MoE-GS: Mixture of Experts for Dynamic Gaussian Splatting

MoE-GS introduces a novel Mixture-of-Experts framework for dynamic Gaussian Splatting that utilizes a Volume-aware Pixel Router to adaptively blend heterogeneous deformation priors for superior novel view synthesis, while addressing efficiency concerns through multi-expert rendering optimizations and knowledge distillation.

In-Hwan Jin, Hyeongju Mun, Joonsoo Kim, Kugjin Yun, Kyeongbo Kong

Published 2026-03-10
📖 5 min read🧠 Deep dive

The Big Problem: One Tool Doesn't Fit All

Imagine you are trying to film a chaotic scene: a chef chopping vegetables, a steak sizzling on a grill, and a flame flickering wildly.

In the world of computer graphics, we use a technique called 3D Gaussian Splatting to recreate these scenes from video. Think of it like building a 3D model out of millions of tiny, fuzzy, colored balloons (Gaussians) that float in space. When you move your camera, the computer rearranges these balloons to show you a new angle.

However, when things move (like the chef or the fire), the computer gets confused. The paper points out a frustrating reality:

  • Expert A is great at the smooth, slow movement of the chef's arm but terrible at the chaotic, fast flickering of the fire.
  • Expert B is amazing at the fire but makes the chef's arm look like a blurry smear.
  • Expert C is good at the steak but fails at the vegetables.

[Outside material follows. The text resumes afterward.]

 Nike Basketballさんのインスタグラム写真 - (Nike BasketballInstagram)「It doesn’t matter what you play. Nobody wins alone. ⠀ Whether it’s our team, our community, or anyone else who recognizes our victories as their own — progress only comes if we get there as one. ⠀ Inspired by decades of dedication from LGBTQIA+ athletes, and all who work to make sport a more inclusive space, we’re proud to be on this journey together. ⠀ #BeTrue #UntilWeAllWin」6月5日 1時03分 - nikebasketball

No single "Expert" (algorithm) can handle every part of the scene perfectly. It's like trying to use a single pair of scissors to cut paper, thread, and metal wire. You might get the job done, but the results will be messy.

The Solution: The "All-Star Team" (Mixture of Experts)

The authors, In-Hwan Jin and his team, decided to stop relying on just one expert. Instead, they built a Mixture of Experts (MoE) system.

Imagine a high-end restaurant kitchen. Instead of one chef trying to do everything, you have a team:

  1. The Slicer: Specializes in smooth, precise cuts (good for the chef's arm).
  2. The Fire Starter: Specializes in wild, unpredictable flames (good for the grill).
  3. The Searer: Specializes in browning meat perfectly (good for the steak).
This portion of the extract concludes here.